The joy of Rime and the petrification of indie gaming
ICOnic.
Rime has seen more than its fair share of reversals: an open world platform-puzzler from Tequila Works set on a deserted tropical island, it was originally pitched as an Xbox One exclusive, then scooped up as one of PS4's headline indie titles, only to be cast adrift a couple of years later. Save for a slightly rocky frame-rate on Xbox One, however, it's shaping up rather well. As the game begins, your character, a mop-headed youth in rags, awakens on a balmy shore studded with enormous marble ruins. Wandering along the beach past milling gulls and fretful crabs, you discover an inlet leading to a wooded dell. At its centre, the curiously lifelike statue of a fox.
By clambering up and calling out to smaller statues, dotted across the coast, you can free bolts of energy that coruscate down to the fox, eventually transforming it into a flesh-and-blood animal who opens the way to the island's interior. The act of racing these dancing, ephemeral fireworks back to the statue could be Rime in a nutshell - serene yet boisterous, a game that is as much about the delight of inhabiting a particular body in a particular place as it is achievement or discovery.
Arcane secrets await deeper within the island - puzzles built upon perspective, a gigantic winged predator and a mechanism that, seemingly, allows you to change the time of day. Much as I'm eager to play on, though, my mind keeps sliding off the game. There's a strangely piecemeal, bolted-together quality to Rime, for all the fluid, organically weathered curves of its shrines and hillsides - it's a little too easy to pigeon-hole, to break down into sets of parallels and influences. The ocean is pure Wind Waker, contorted by creamy white breakers that beg you to plunge in. The island's terrain feels like a nod to the acclaimed Myst-a-like The Witness, the clean architecture of its puzzles buried amid impressionistic blobs of foliage and gentle yet irresistible light-shadow contrasts. The boy's movements evoke Ico, all flying knees and elbows accentuated by a flapping red cape, while the dynamic orchestral score puts me in mind of Ori and the Blind Forest, Microsoft's 2015 indie starlet - plangent tinkles of piano, soaring strings and a wordless female solo.

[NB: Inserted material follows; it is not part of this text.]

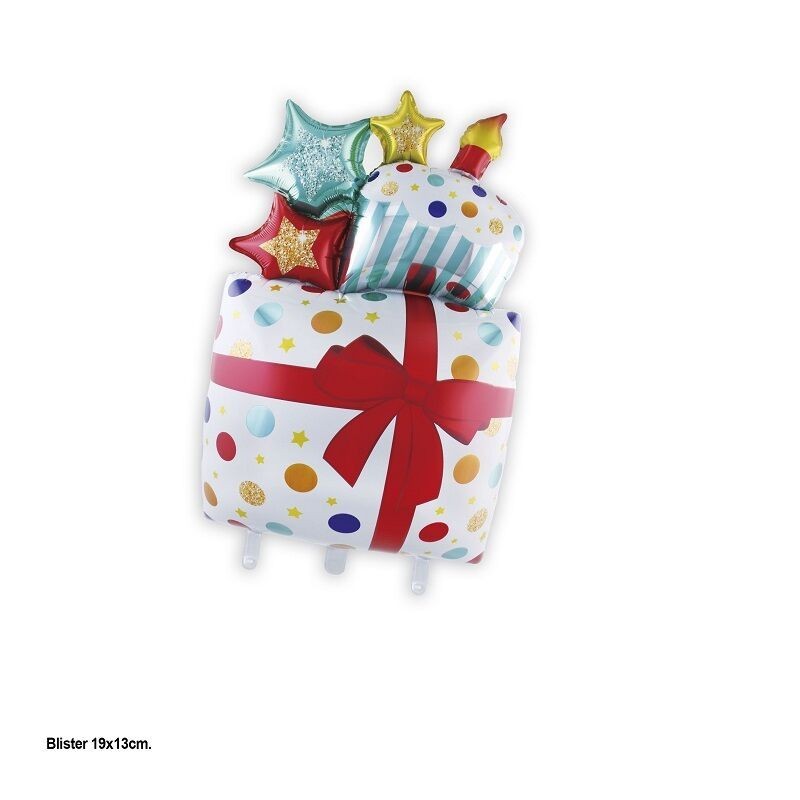 Globo caja regalo 107 cm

I'm not, to be clear, trying to suggest that Tequila Works has ripped any of these games off. Rime's aesthetic apparently owes as much to the painters Giorgio de Chirico and Joaquin Sorolla as the likes of Journey, and in any case, there's nothing wrong with wearing your influences on your sleeve, providing you make the most of them. But I do think Rime encapsulates and makes visible a problem that characterises all of the aforementioned titles, to varying degrees - the idea that "indie" refers neither to a developer's financial circumstances nor some aspirational creative ethos, but a concrete genre made up of certain themes, mechanics and visual cues.
An indie game can be anything, of course, but when we talk about "indie" games today, I think we're actually talking about something quite specific - a blend of colourful nostalgia, psychological or emotive depth, and limited mechanical innovation. The game will be either a platform-puzzler that unfolds in some fading pastoral idyll, or an overclocked, splattery arcade shooter set in the 1980s (or a near-future made up to resemble the 1980s). It will seek to capture the feel and tempo of a beloved classic, but with a distinctively "modern" twist involving, say, real-time physics or procedural generation.

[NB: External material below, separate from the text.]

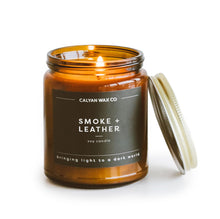 Load image into Gallery viewer, Smoke + Leather Candle | Amber Jar by Calyan Wax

It will probably facilitate (or claim to facilitate) a heartfelt investigation of the human condition, an inner journey of some sort. It may also be a pixel-art game, or look a bit like Minecraft. It will make a show of lacking "polish", of being designed with more regard for vision and authenticity than craft, but much of the time, that rough-and-readiness will have been painstakingly styled - think ostentatious pixellation or lo-fi, "painterly" textureless surfaces or objects. Above all else, it will take itself very seriously. Thus the broad stereotype foisted on us by dozens of E3 showcase reels, storefront artworks, various individual success stories and, it must be admitted, the gaming press.

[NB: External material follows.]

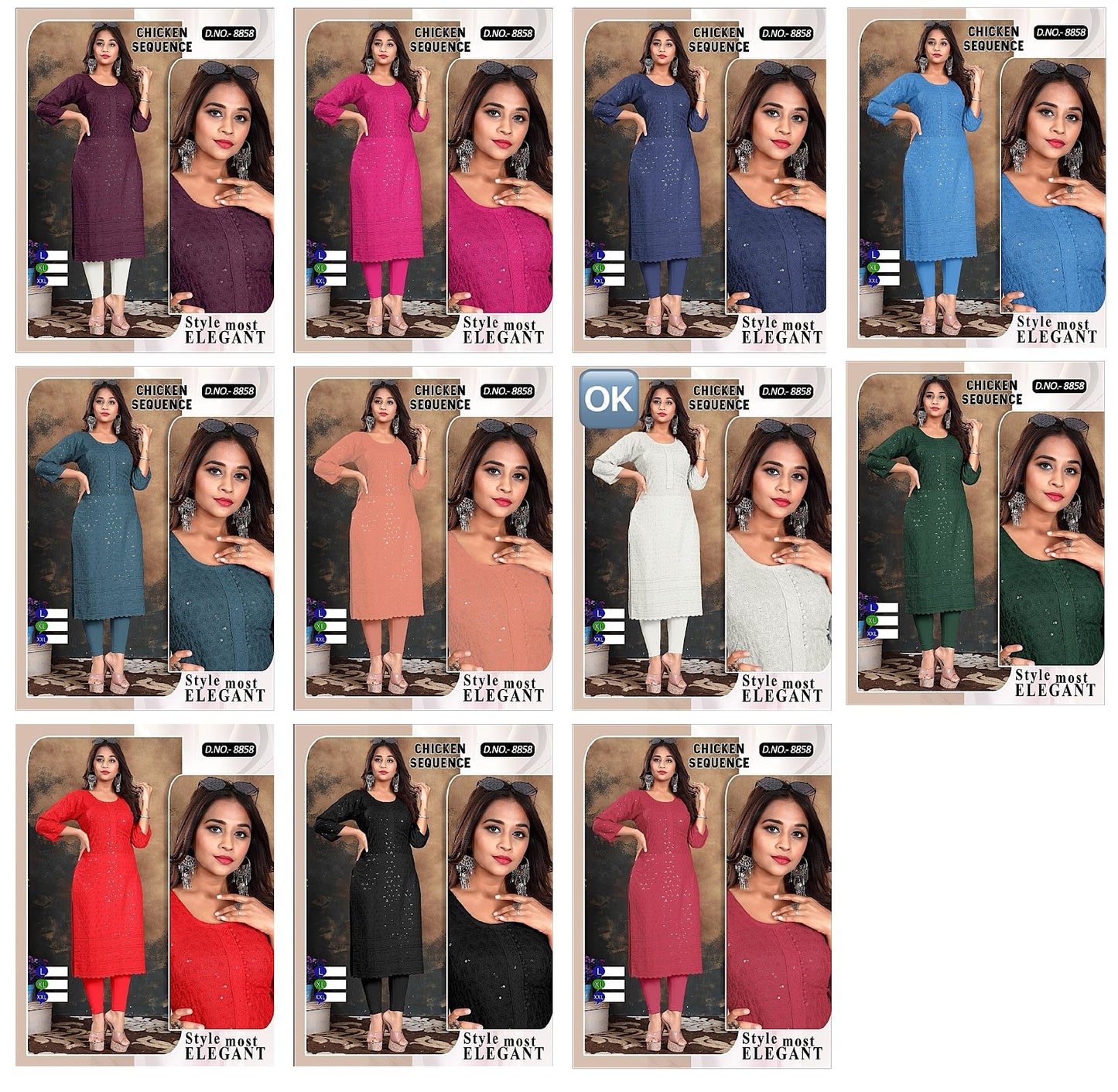 8858 Mmc Knee Length Kurtis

I don't have a problem with any of these qualities in themselves - strolling through the surf in Rime certainly makes a nice break from a stodgy, pseudo-realistic content 'em up like Ghost Recon: Wildlands - but I do have a problem with the idea that "indie" is any particular kind of thing, a species of game that can be identified at a glance. Where once the term might have implied the unexpected, the provocative, nowadays it primes us for what is essentially retro entertainment invested with an over-compensatory sincerity that acts as an implicit reproof to criticism. It reflects the continual co-opting of marginal creators by the so-called mainstream, the pressure to soften "underground" or "outsider" art into a form that can be easily replicated and thus, converted into profit, and which then drowns out anything that doesn't fit the bill.
I've enjoyed my time with Rime, and I'm looking forward to discovering what lurks further within the island, but at the time of writing it is representative of this co-option - from its Zelda-ish play of puzzles and exploration through its underlying coming-of-age narrative to its wistful bucolic vistas. The game has been seized on as a quintessentially "indie" work, featured prominently by Microsoft and Sony's self-publishing programmes, and is an elegant, mesmerising production thus far, but also one that sings a familiar tune. It's not enough for independent games to charm us with their earnestness or fidelity to the classics - we should require them to shock and challenge us in the bargain, if "indie" is to be more than an effigy set in stone.